Monday, Aug. 05, 1929

The New Pictures

Strauss: the Waltz King (German). A formless, well-acted, full-length silent biographical film tells how Johann Strauss became a composer in spite of his father's opposition. It is hard to believe that young Strauss's life was as fantastic as this but the important facts are authentic and the scenarist's guesses about the detail are as,; good as anyone's. You lose interest in Strauss but do not give him up for good until he is playing his own tunes at the wedding of his sweetheart to another fellow. Silliest sequence: Strauss jilting the pastry cook's daughter for some reason obscurely connected with one of his father's lectures on personal liberty.

In Old Siberia (Amkino). A sly, shriveled fellow with the stealth of a fox and the cruelty of a eunuch arrives at a Siberian prison in the Tsar's time and begins to run things the way he wants them. The picture is not a story but a description of the way the imperial prisons are said to have been. There is propaganda in it, but that is kept out of sight. Its horror, too is kept out of sight, brought to life by suggestion until it becomes a mood as palpable as a sound, like something howling. This would not be possible if there was any real howling, but the picture is silent. You never see the prisoners tortured; you see them working on the rock-pile and coming in for meals. Best shot: the jailer's birthday party.

Wonder of Women (Metro-Goldwyn-Mayer). By thoughtful creation of character this film avoids being a restatement of one of the standard generalities about people with artistic temperament. It is adapted from Sudermann's The Wife of Stephen Tromholt and the outlines of the original story, even its tragic ending, have been intelligently adhered to. Lewis Stone is the composer who marries a poor widow with three children and who sticks to her in spite of his attraction to a younger woman. Peggy Wood is his wife. Stone leaves her once, then comes home, acknowledges his responsibility. Five years later he goes to Berlin again, sees Leila Hyams again, makes up his mind to be free, goes back to tell his wife what he has decided. While he is at home she dies. There are men and women, humor, sadness and struggle in this picture. It misses being a great picture only because its story is not a big enough framework for its implications and because the actors have their own way too much. You feel that it would be better if its workmanship were not so finicky. Half of it is silent and half in dialog. The silent part is the most effective. Best shot: Miss Wood teaching her family to sing Christmas carols.

Peggy Wood grew up in Brooklyn, N. Y., and went to Miss Brown's school and Manual Training High School, then got in the chorus of Naughty Marietta. After that she took many unimportant parts in successful plays: she was the pretty maid who, helping the leading lady into her negligee, told her that her husband had telephoned he would not be back for dinner. Her first big part was in Maytime. She is a friend of George Arliss and Noel Coward. She married John Van Alstyn Weaver, the "in American" writer, who had lived a few streets away from her in Brooklyn. She is 35. has a son, sings nicely, plays the piano, does not care for sports.

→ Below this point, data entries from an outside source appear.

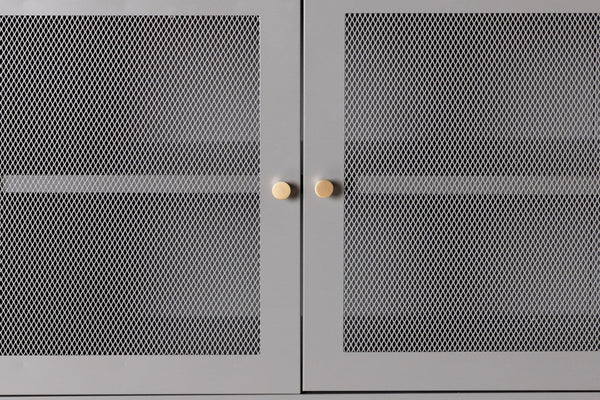 Malla Industrial Cabinet with Mesh Doors | Light Grey Modern Storage Furniture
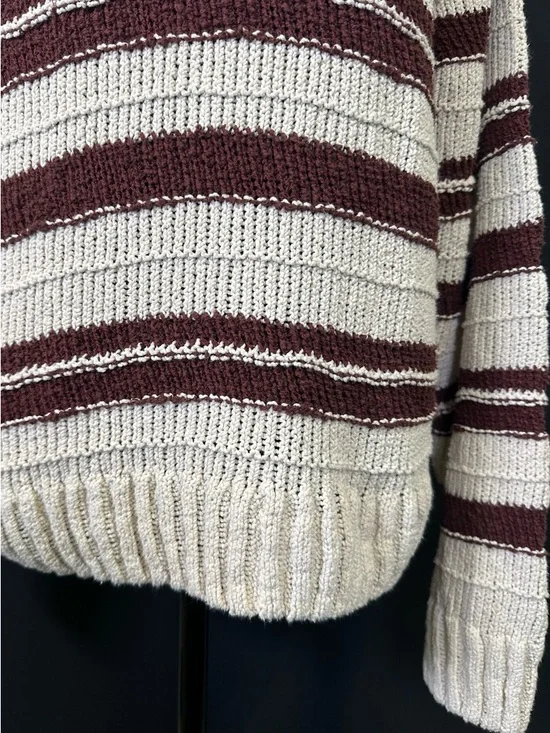 #175- Zara Cream and Brown Striped Crewneck Sweater - Picture 4 of 10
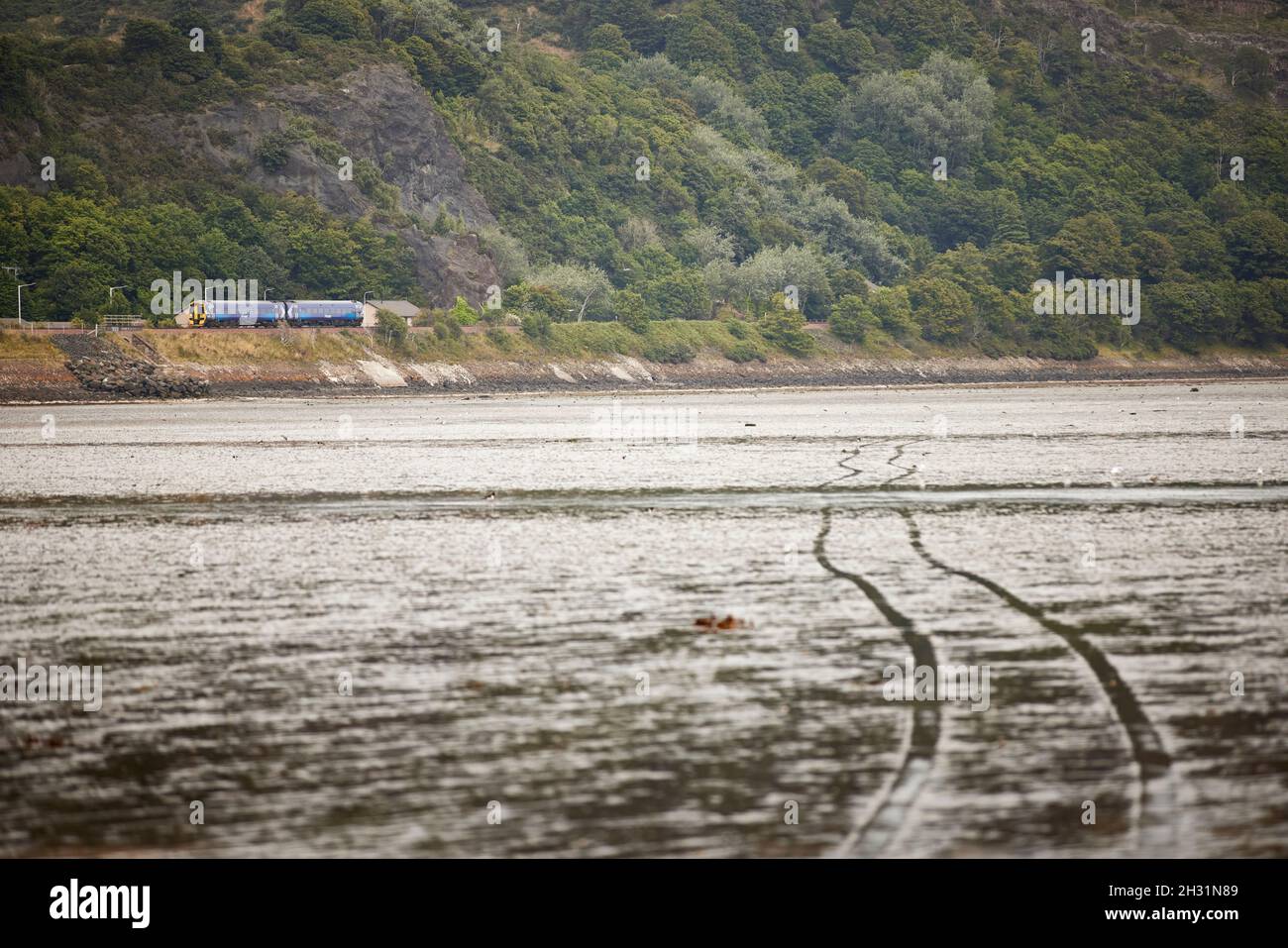 Burntisland, Fife, Schottland, ein Scotrail Trail, der entlang der Strandkostelinie führt Stockfoto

Recently, with extraordinary optimism she said: ". . . From Lewis Stone I learned whatever there was necessary to know about screen acting."

Last fortnight Actress Wood opened in Playwright Noel Coward's Bitter Sweet in England, received "rave" notices for able acting, chaste diction.

The Mysterious Dr. Fu Manchu

(Paramount). In covers marked "Algebra," by flashlights propped under tents of bedclothes, in luxurious libraries and first-class deck chairs, Sax Rohmer's Fu Manchu stories, from which this picture is loosely taken, have been read by prep school boys, financiers and great statesmen for nearly two decades. Their fascination lies in the fact that motive is not an element of their plots. It might be terrible to read about a killer who killed for a reason but it is more terrible to read about one who killed for no reason. That this picture, though well made, fails to get the flavor of the stories is because Fu Manchu is rationalized. He kills Englishmen to get even with them for killing his wife and child during the reprisals that followed the Boxer Rebellion. He remains the central figure of a mystery story which, affirming the values of normal life as a basis for its fantasy, becomes immediately unlikely and therefore dull. Warner Oland (Fu Manchu) who used to be an opera singer, makes his cold, tight voice the most exciting noise in the picture. Typical shot: Oland pointing to the lime-pit into which he plans presently to drop one of the Petrie family.